Period photographs from the late 1800s and early 1900s reveal that Front Street was lined with two-, three- and four-story brick buildings, many with iron galleries and balconies overlooking the river. Railroad tracks belonging to the Louisville and Nashville Railroad were centered on Commerce Street. Water Street bridged the area to downtown Mobile.
Photos show a variety of buildings and architectural styles. Some were brick, while others were plastered or trimmed with rusticated granite. There were cast iron columns, cast iron facades and the familiar look of lacy iron galleries and balconies.
The Rise
City directories at the end of the 19th century reveal that each street was filled with a variety of businesses that would have teemed with activity in a port city. They indicate that the blocks were dominated by warehouses for cotton and the offices of the men who made and lost fortunes on it. The area was at one time dubbed “the English Channel” for the numerous British cotton merchants at work here.
Big wholesale firms carrying such founders’ names as Cunningham Hardware, Barney-Cavanuagh and McGowin-Lyons. Big wholesale grocery firms, carrying such founders’ names as T. G. Bush, M. Forcheimer, James McPhillips and James McDonnell, operated here with multiple floors of warehouse space.
Other buildings housed dealers in produce, flour, grain, as well as the offices of the big banana importers. Ship chandlers and suppliers worked near wholesale drug warehouses, candy factories and traders in wool and hides. Jacob and Adolph Bloch sold the latest carriages, buggies and all necessary harnesses here before later maps divulge the arrival of gas stations, garages and repair shops.
And not surprisingly, there were several corner saloons in the mix, along with wholesale liquor dealers. A period map reveals that the second floor of 19 Commerce St. was home to an unnamed “secret society” in 1904.
The Demise
So what happened to all this? A number of factors led to decline. This wholesale district was designed for access to the wharves and the railroad lines.

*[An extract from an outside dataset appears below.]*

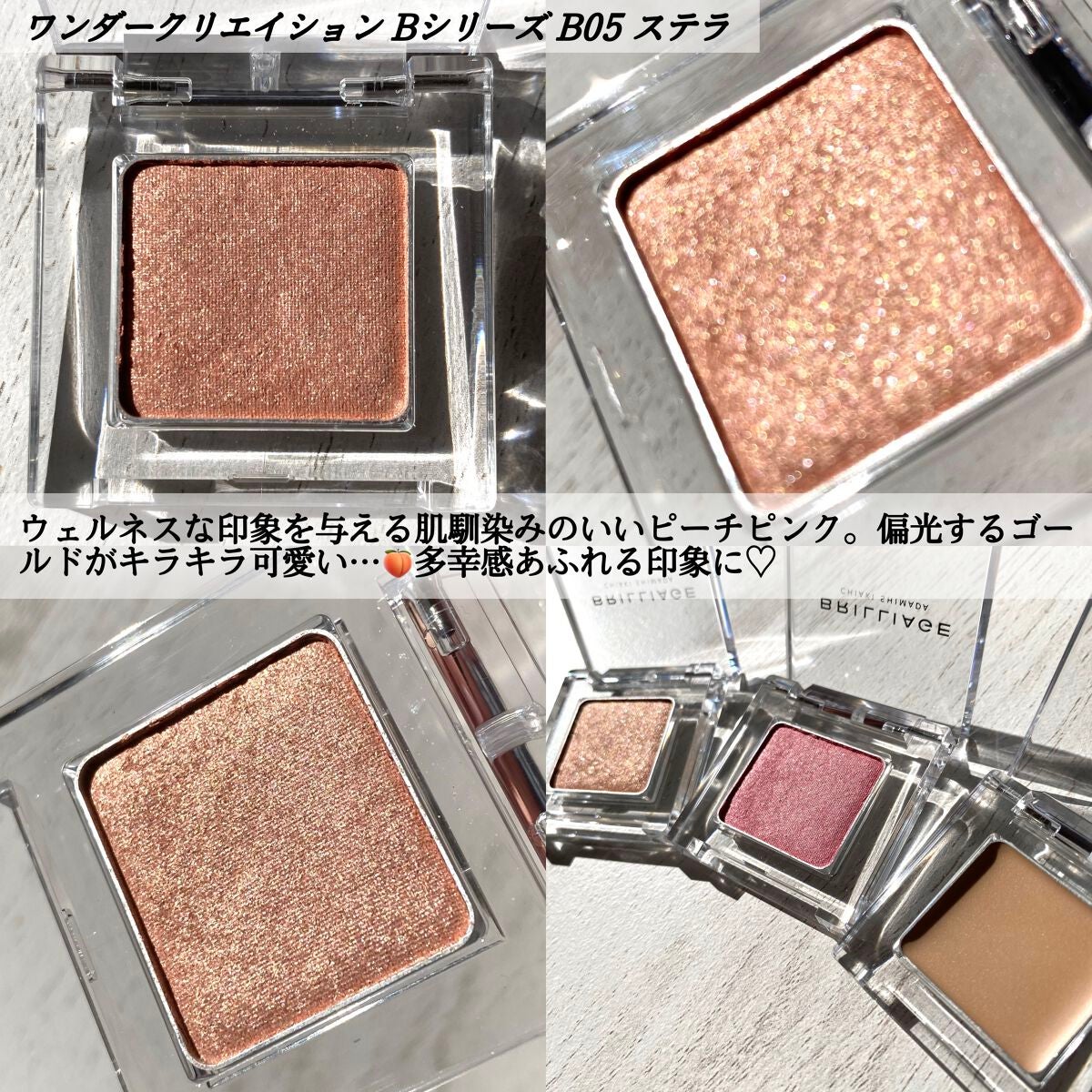 ワンダークリエイション /ブリリアージュ/単色アイシャドウを使ったクチコミ(4枚目)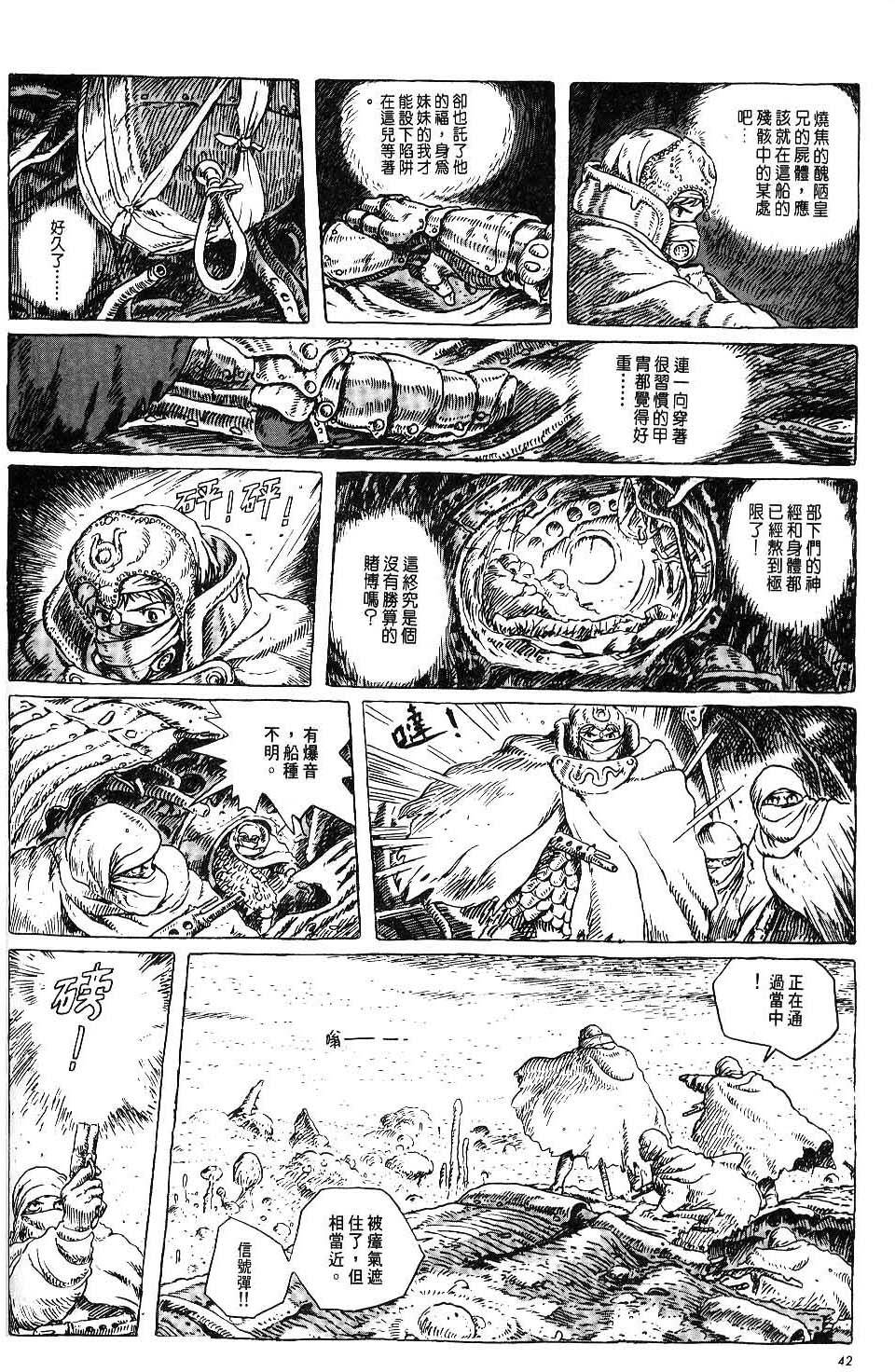 第36页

During the 20th century, the arrival of the state docks and then the dominance of trucking directed the move of many businesses towards the new highways. By the 1960s, critics described the area as “a snaggle-toothed array of vacant buildings and parking lots.”
In 1965, the Mobile Housing Board had plans underway to use the vast financial resources of the federal government to clear the place from Water Street east to the river. A greatly widened Water Street would allow motorists to “whisk along the new boulevard-parkway entrance to downtown … enjoying a curving panorama of clean-lined and green-set buildings.”
Property owners were issued checks and the wreckers arrived. Commerce and Front streets became memories, as did surviving warehouses. Thanks to urban renewal this section of Mobile was cleared as efficiently as Hiroshima.
The Remains
Two notable buildings miraculously survived on the edge of this district. They give us an idea of what was lost. The Daniels-Elgin Building (1860) at the southwest corner of Dauphin and Water still stands with its handsome cast iron façade. The former home of McGowin-Lyons Hardware Company (1907) at the southwest corner of St. Louis and Water streets represents the impressive size of many of the lost warehouses. Now dubbed 1 St. Louis Centre, it, like the Daniels-Elgin Building, has been successfully adapted to first-rate office space.
One can only wonder how many of the dozens of buildings, which were turned to rubble, could have been similarly revitalized and repurposed, as has happened in New Orleans.